ICWA, intermarriage, and not-studying-for-finals
The final and much dreader exercise in the Lawyering Program curriculum is an oral argument exercise focusing on the Indian Child Welfare Act of 1978. ICWA resurfaced in my Family Law reading this week, prompting what follows. Congress' state intent was to "protect the best interests of Indian children and to promote the stability and security of Indian tribes and families" (25 U.S.C. ยง 1902).
So, what happens when admittedly Indian parents choose to cut off all ties for the child by purposefully leaving the reservation to give birth, and selecting a non-Indian adoptive parent? No dice, says the Supreme Court, "for Congress was concerned not solely about the interest of Indian children and families, but also about the impact on the tribes themselves of the large number of Indian children adopted by non-Indians." (Mississippi Band of Choctaw Indians v. Holyfield, 490 U.S. 30, 49 (1989)).
What if an Indian parent has cut ties with the tribe before even becoming pregnant with a child she seeks to surrender for an adoption by a non-Indian (actually, gay and Jewish) couple of her choice? I learned in Family Law that ICWA still applies according to a New York court. (In re Baby Boy C. 805 N.Y.S.2d 313 (App Div 2005)).
ICWA does have an exception to its preference for placement with and Indian family for "good cause," and the Bureau of Indian Affairs includes the request of the child or parent as "good cause." In Baby Boy C the appellate court declined to make a good cause determination itself, but left the question open on remand. In Holyfield, good cause is absent because the question was decided on a different part of the statute. Holyfield's failure to mention good cause does give some pause, however, such that perhaps individual parental preferences are not a clear cut/obviously controlling exception.
So what about intermarriage? Well, it seems to me that the arguments against interfaith marriage on a personal level tend to be weak (by which I mean uncompelling and perhaps incoherent). That is, it's hard to argue to an individual who thinks otherwise that intermarriage is a bad decision for them, individually. The strong (as in, coherent and less likely to sound silly) arguments are on a national (tribal, if you will) level: we are concerned, to paraphrase the Court, not solely about the interest of Jewish individuals and their partners, but also about the impact on the tribe itself of the large number of Jews marrying non-Jews. (For now, I leave open the soundness of this concern even when the children will be raised at least as Jewish as they would with a secular-Jewish second parent.)
Is this racist?

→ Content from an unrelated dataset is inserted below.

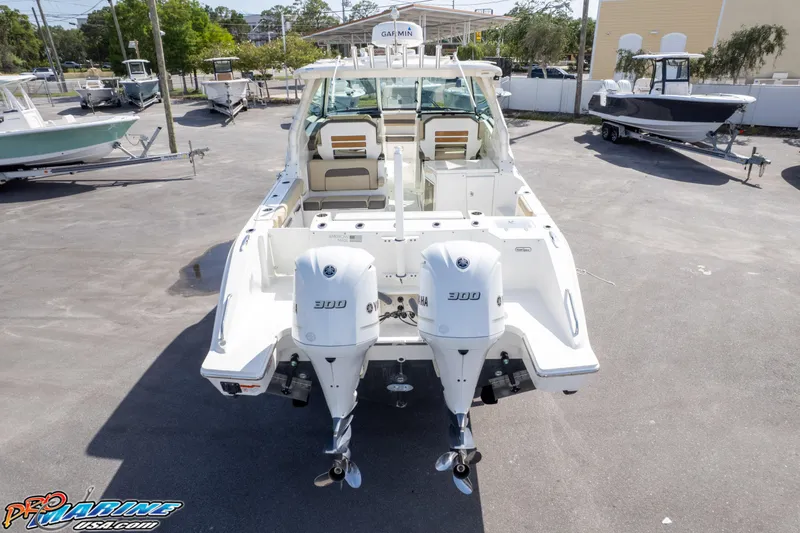Slide: The Image of 2021 Pursuit DC 326 Dual Console boat with twin engines, parked in a marina. - 20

Well, perhaps, but my point here is only that American law, and society, seem to tolerate a very similar sort of racism in a particular context, which might imply that, even from a secular perspective, there are at least legitimate values on both sides.
Of course, Indian law is "different" because of the quasi-sovereign status of tribes. However, from an internal-Jewish perspective the situation looks a lot like it does from inside the tribes, and recognition of that tribal perspective as legitimat is at least interesting.